[Information supplied]
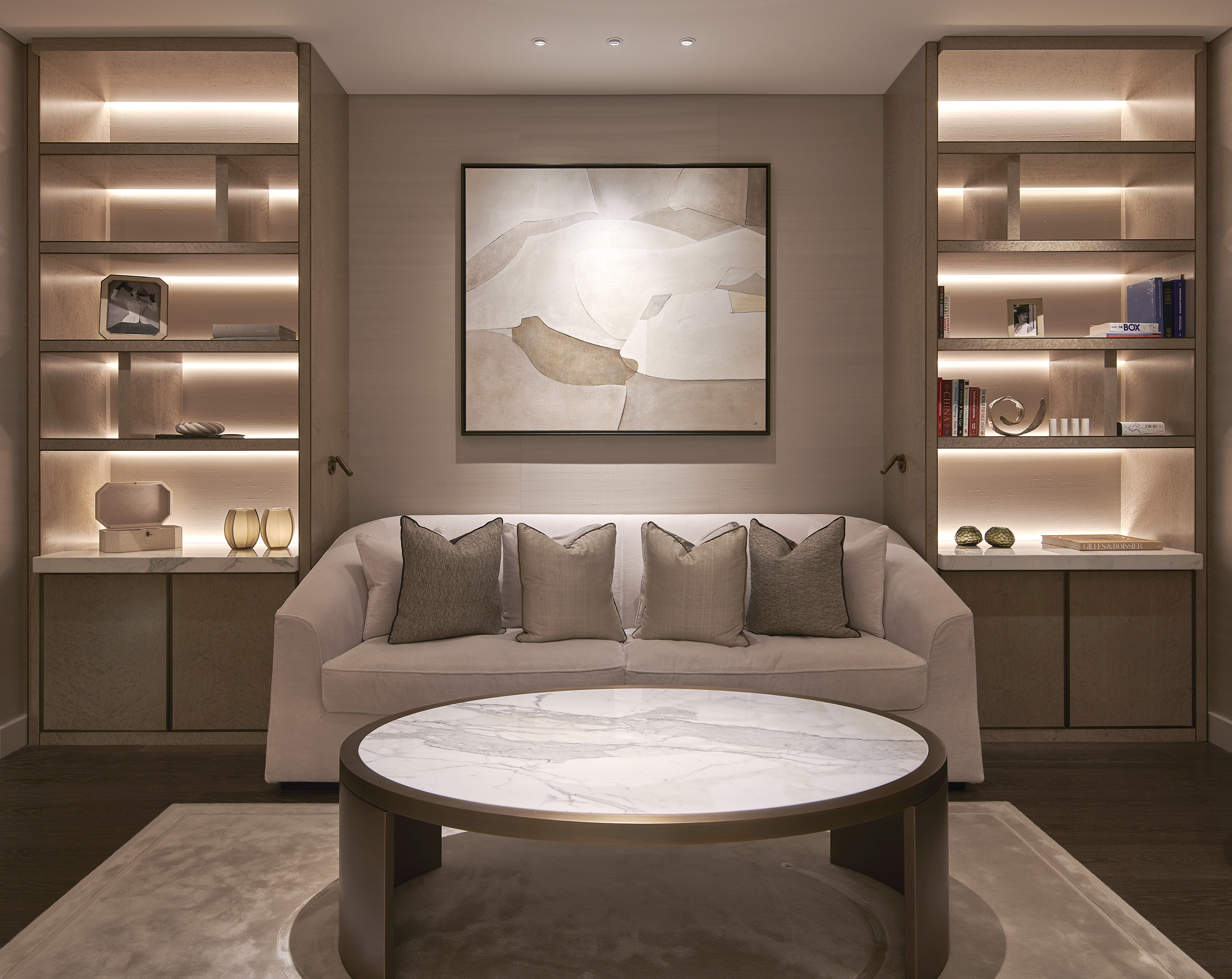 Neutral colored living room featuring a rug, coffee table, sofa, central wall art, and LED backlit shelves showcasing decorative objects.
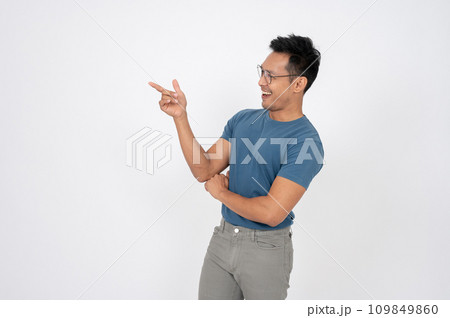 A handsome Asian man is pointing his finger aside at an empty space on an isolated white background. A handsome Asian man is pointing his finger aside at an empty space on an isolated white background. 109849860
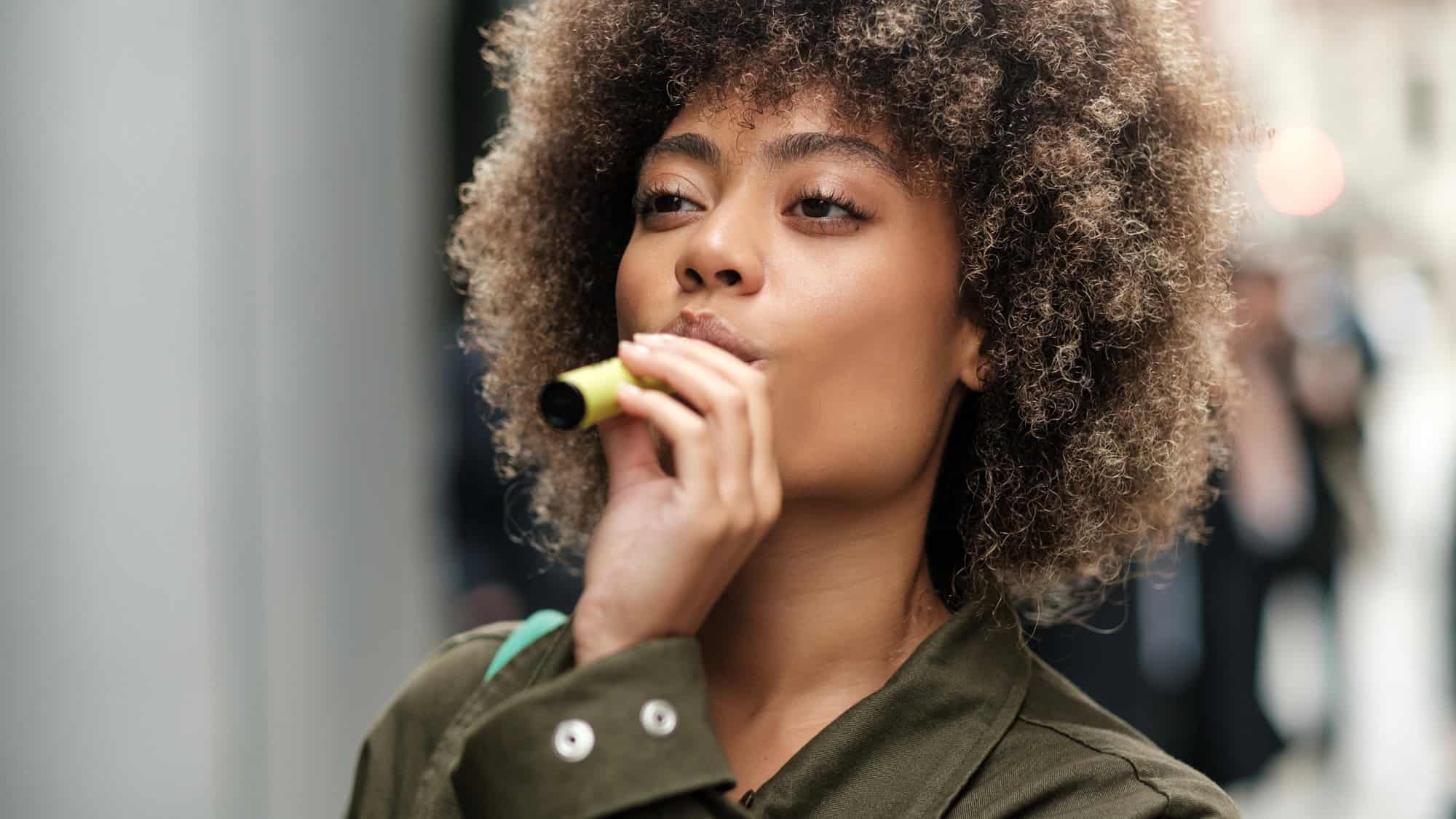A woman with natural curly hair and a green jacket holds a yellow e-cigarette to her lips, looking off into the distance with a thoughtful expression.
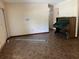 Open living space with tile flooring, piano, and plenty of natural light at 519 Spring Lake Rd, Ocala, FL 34472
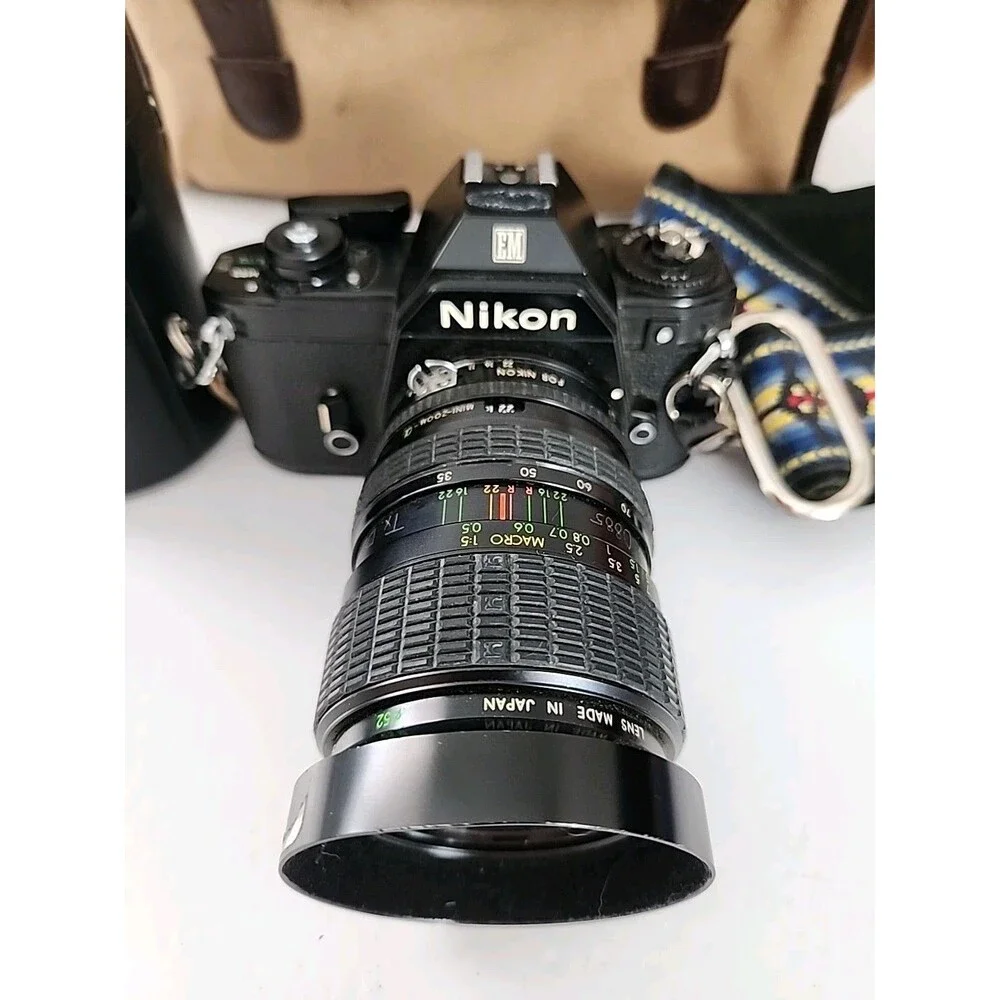 Nikon EM 35mm SLR Film Camera Black Body w/ Extra Lens, Bag & Accessorie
[/Information supplied]
**Exercise:**
Please output exactly the lines of the data above, from its first line through the line with "Open living space", and nothing else; drop the pictures.

**Answer to the problem:**
 Neutral colored living room featuring a rug, coffee table, sofa, central wall art, and LED backlit shelves showcasing decorative objects.
 A handsome Asian man is pointing his finger aside at an empty space on an isolated white background. A handsome Asian man is pointing his finger aside at an empty space on an isolated white background. 109849860
A woman with natural curly hair and a green jacket holds a yellow e-cigarette to her lips, looking off into the distance with a thoughtful expression.
 Open living space with tile flooring, piano, and plenty of natural light at 519 Spring Lake Rd, Ocala, FL 34472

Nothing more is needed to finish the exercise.